The ongoing digital overhaul in asset management, particularly the deployment of artificial intelligence ( AI ), presents new opportunities to support emerging client segments and maximize profits. However, the majority of asset managers are still approaching the technology with a high level of caution.
The asset management industry is undergoing a sweeping digital transformation, with AI being applied across the board, from hyperscale players to small-sized asset managers, according to a new report, "Rebooting the Global Asset Management Industry", prepared by Citi and CREATE-Research.

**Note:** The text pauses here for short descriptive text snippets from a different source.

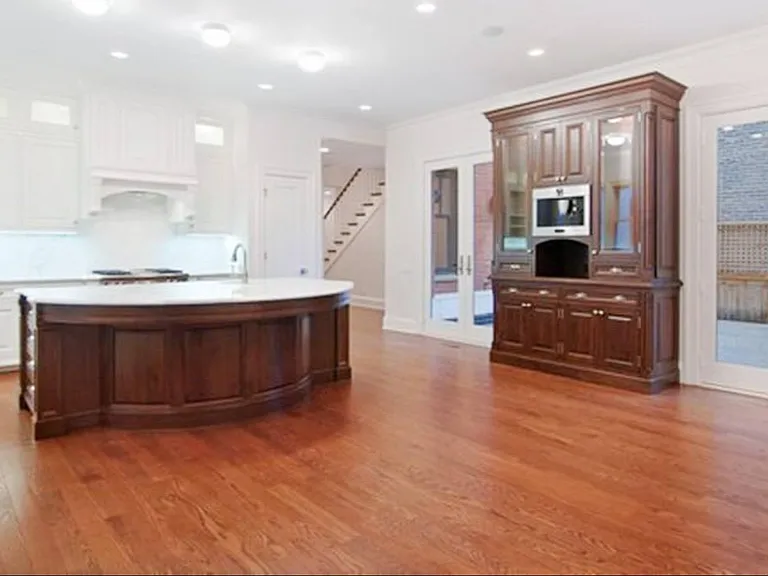 600 W Belden Ave — Photo 4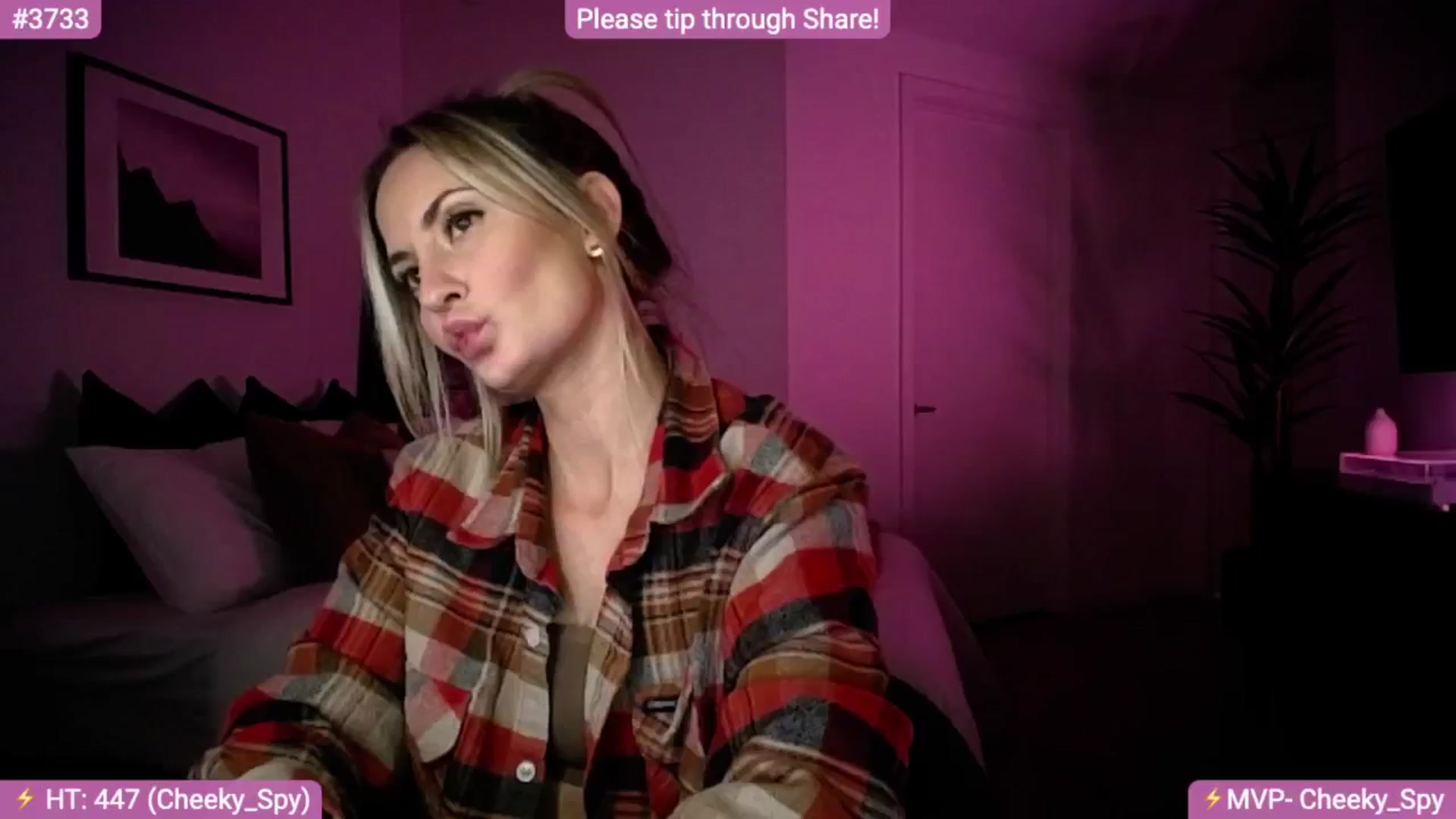 Gallery image thumbnail from AlanaWylde's myfreecams stream on, 12/14/2024, 06:50 image 11 of 20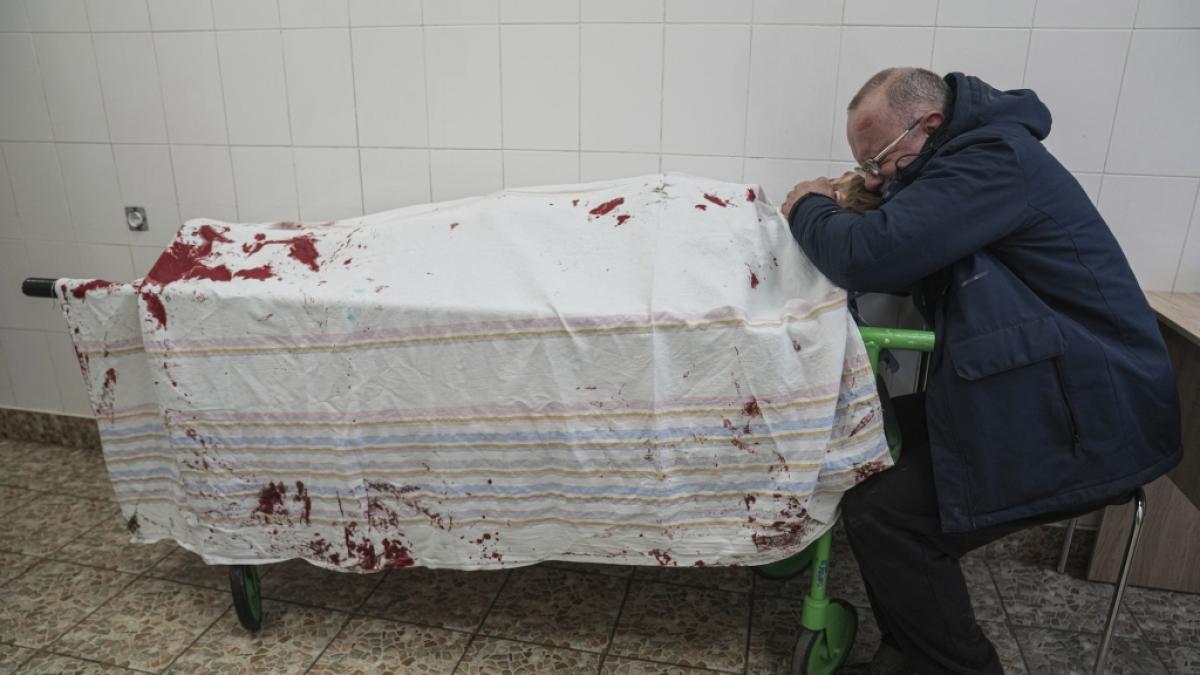 Ein ukrainischer Vater beweint seinen bei einem Bombenangriff in Mariupol get&ouml;teten Sohn - Bilder wie zeigen die unfassbaren Auswirkungen des Ukraine-Krieges. (Foto)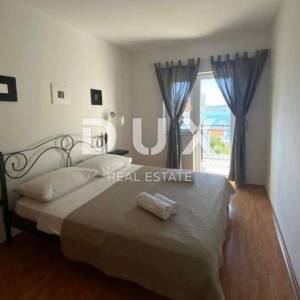 CRIKVENICA - Stan na odličnoj lokaciji, 200 m od mora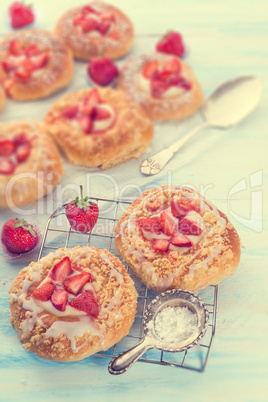 Almond cakes with vanilla and strawberries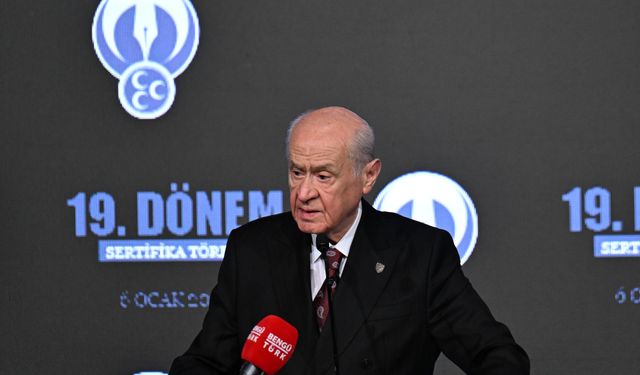 Bahçeli: Milli değerleri istismar edenler vatanını sevmeyenlerdir!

The growing exposure to AI and digitalization is driven by changing business dynamics, particularly the influx of younger investors.
Wealth successors
Asset managers are deepening their relationship with this younger breed, many of whom are set to inherit their respective family fortunes. In addition to their high demand for digital access, these tech-savvy investors seek highly curated and tailored financial advice, including predictive analytics and business risk assessment.
These next-generation clients are also keen advocates of responsible investing; they insist that their financial decisions must align with their ethical standards.
“The next-gen see themselves as the stewards of their family’s wealth and seek to preserve and grow it responsibly,” says the report. “They expect their asset manager to provide digital tools that enable better data analysis and offer predictive analytics that enable clients to do their own scenario planning and construct their own portfolios.”
This is where AI can help. As youngsters shun the one-size-fits-all model, GenAI and AI enable asset managers to customize their portfolios by providing data-based analytical insights, the report states. More than three-quarters of surveyed respondents believe that AI will be a tool for value creation in their business, with the ability to optimize efforts to meet clients' needs.
Maximizing profit
Digital deployment also serves as a key enabler to shore up cost management, which is a top priority among asset managers in the face of the rising popularity of passive funds, fee compression, and regulatory oversight.
AI is found to be a useful tool for improving alpha generation, given its ability to quantify risks that were previously difficult to measure, such as geopolitical risks. Digital technology can also help investors navigate riskier markets in search of higher returns.
With alternative assets attracting more interest due to their promise of better returns, AI provides valuable assistance in identifying risks and opportunities.
“For now, the emphasis is on combining the analytical prowess of GenAI with the contextual understanding, emotional intelligence, and strategic decision-making of human experts, in order to unlock new levels of efficiency, personalization, and client experience,” states the report.
Lukewarm response
Unfortunately, high hopes for AI have outpaced its rate of adoption. Only a trickle of surveyed respondents have launched a full-fledged implementation of the technology, whereas a third have not even made a move. It’s worse in the case of GenAI, with more than half of the respondents reporting no progress in integrating it into their operations. The lukewarm response raises doubts about its role in wealth management, at least in the short term.
Asset managers are approaching AI with caution, given the risk of hallucinations or false outputs as well as legal and ethical risks, which could undermine their reputation. More than 60% of surveyed respondents consider themselves as cautious followers when it comes to AI adoption, 5% say they are laggards, while less than a quarter are ahead of the pack.
Aside from the massive concerns about the risks involved, the lack of upskilling of asset managers on AI knowledge also moderates its adoption in the industry.
“A significant proportion of asset managers’ current technology-based work processes remain reliant on constant human intervention, with technology used as a supportive tool, not a direct replacement of humans,” the report explains.
“Over time, agents may gain greater autonomy and cause a ‘digital flip’, in which the winners move to entirely different operating models, with GenAI doing much of the heavy lifting. Whether regulators will allow that eventuality seems highly unlikely – for now.”